Players can sue their coaches now. Nothing prevents you from suing someone.
Minutes is the only way. If you base it on just showing up then there is no incentive to play well or stay with CBB. There's certainly tons of reasons to leave. Our society is built on competition. We should have pride it that fact and reward those who play well. Everyone has an equal chance to play the full 40 minutes per game. Everyone has a chance to make it to the final four or final game.
As I said, base in on how much the NCAA receives from advertising. I guarantee NCAA makes sure it collects the money from the TV contracts. I guarantee you NCAA honors its contracts with each University or college making sure they get paid their share. All I am saying is expand the sharing to include the players. This is really not that hard. If the NCAA can pay 64 schools, they certain can take their billions and create a system for paying 500 players who play in the tournament. We have computers for stuff like this!

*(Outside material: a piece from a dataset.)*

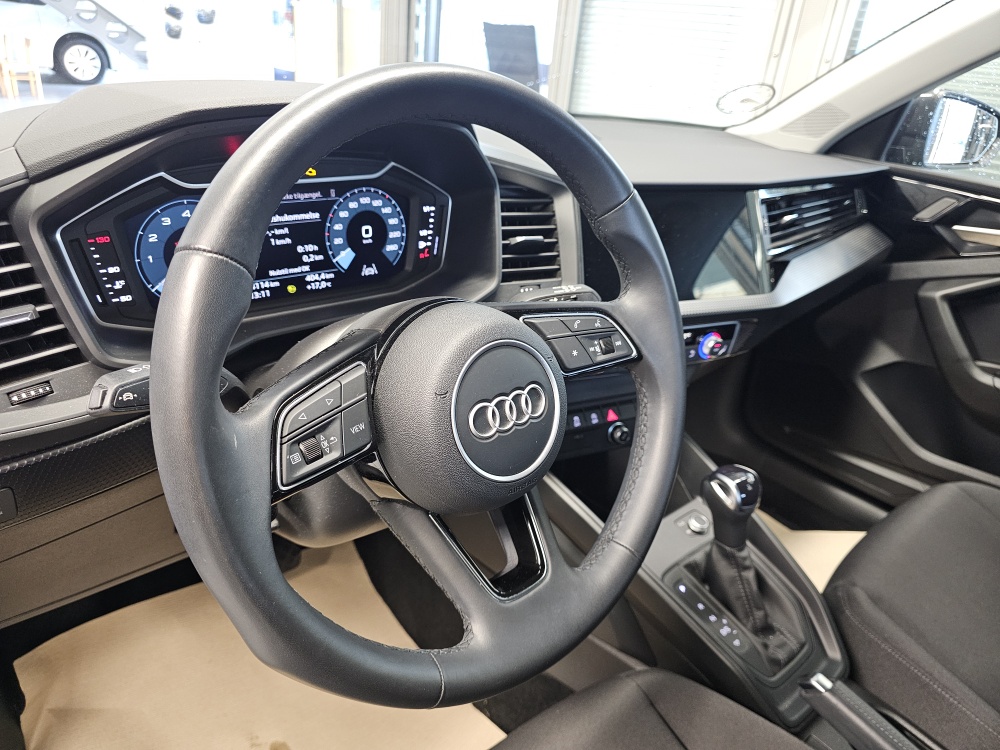 Audi A1 Sportback  bei Hoffmann Automobile in Wolfsburg kaufen und sofort mitnehmen - Bild 11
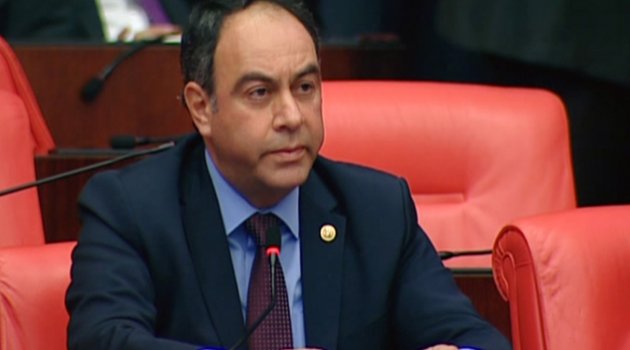 “Atatürk’ü anlamak ve sevmek erdemli olmaktır”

There are so many ridiculous statements in this post than I honestly don't know if you're trolling or if you actually believe paying players based on minutes played is a good idea.
Who's the last NCAAB player to sue his coach? How many lawsuits have there been the past 10 years? If you give a coach 100% power over a player's pay, there are going to be lawsuits everywhere. Mookie Jones would have 12 lawsuits going through the courts right now himself.
You're saying the only incentive for NCAAB players is money? Did Villanova not want to win the title this year because they aren't paid cash? Was London Perrantes crying because he didn't make an additional $5k? Ridiculous.
Also, you didn't address my previous questions:
1) Say a coach gets mad at a player, and sits them (JB sitting Kaleb). At what point does it turn from "you're not performing on the court" to "I'm making this personal and making sure you don't get paid". You'd open up the door to lawsuits - 18 year old kids suing their college coaches for now playing them and not allowing them to make money.
2) If Syracuse wins by 40 points and the starters don't play the entire second half, should they get half the money for that game?
3) Bigs generally play less minutes, should they get less money?
4) If a team only has one guard due to injuries/suspensions and plays 39 minutes, but is terrible, should he get the maximum amount of money?
5) A player gets injured and misses the rest of the season (McCullough, Devendorf), should they get zero salary for 50%, 75% of the season?
6) A player has to miss time for personal reasons (family death, illness), should they not get paid if they miss 2 or 3 games?
I think you'd see locker rooms turned into fight clubs with cocky freshman mad that the upperclassman is taking his "promised playing time (CASH)" away, or the other way around. Players recruited and promised a starting spot, 32 mpg, let's say that's about $60k/season. They don't perform well so now they play 8 mpg, and that's only $15k. So you're promised $60k and now make $15k. I'll let you tell me how many problems that would cause.